• [Activity]
Word for word, repeat the data; no picture should appear in the result.

• [Source data]
┌────────

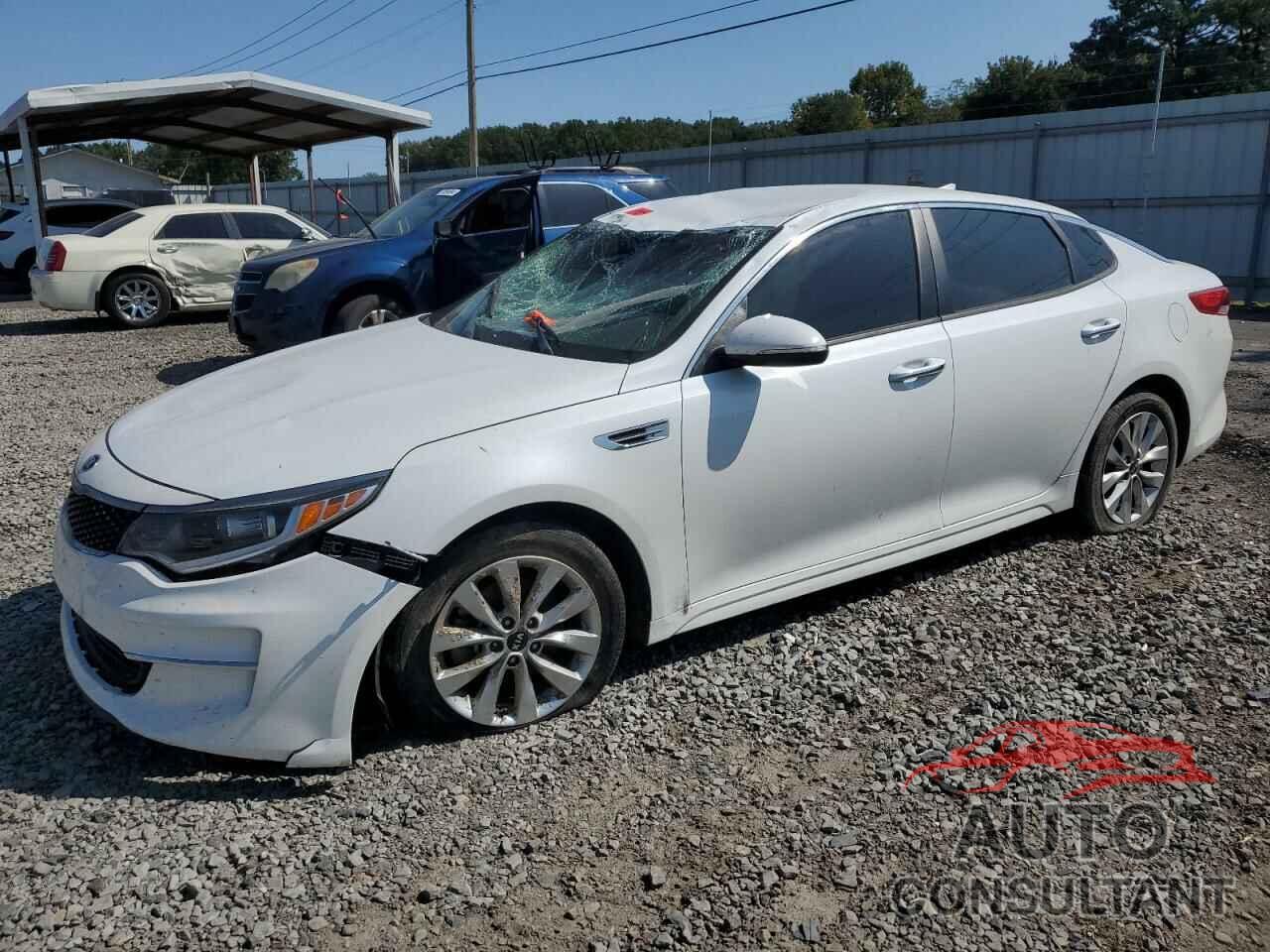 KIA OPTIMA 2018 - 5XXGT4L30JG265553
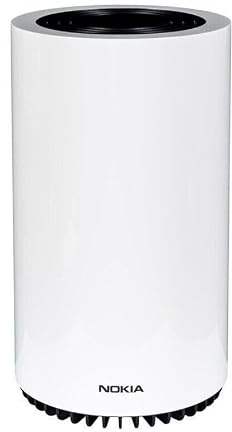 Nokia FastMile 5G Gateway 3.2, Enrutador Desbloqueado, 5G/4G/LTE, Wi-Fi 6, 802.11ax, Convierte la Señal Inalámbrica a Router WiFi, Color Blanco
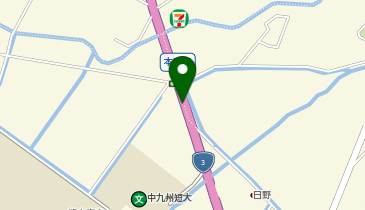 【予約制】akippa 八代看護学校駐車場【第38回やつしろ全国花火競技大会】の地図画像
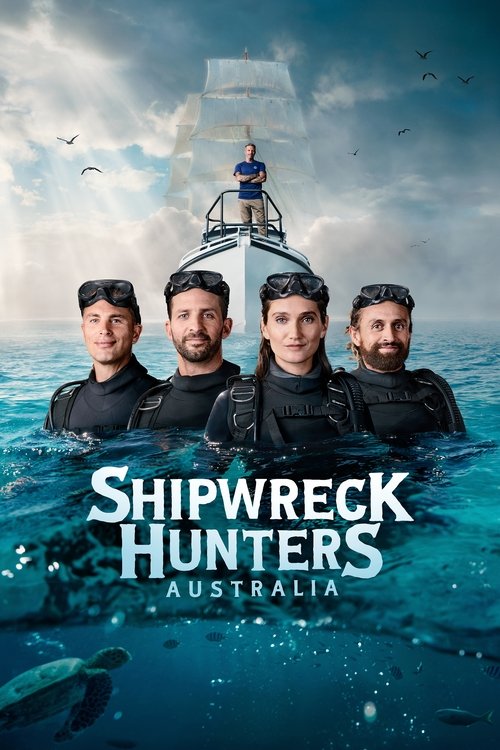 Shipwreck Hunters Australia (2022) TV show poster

└────────

• [Written answer]
 KIA OPTIMA 2018 - 5XXGT4L30JG265553
 Nokia FastMile 5G Gateway 3.2, Enrutador Desbloqueado, 5G/4G/LTE, Wi-Fi 6, 802.11ax, Convierte la Señal Inalámbrica a Router WiFi, Color Blanco
 【予約制】akippa 八代看護学校駐車場【第38回やつしろ全国花火競技大会】の地図画像
 Shipwreck Hunters Australia (2022) TV show poster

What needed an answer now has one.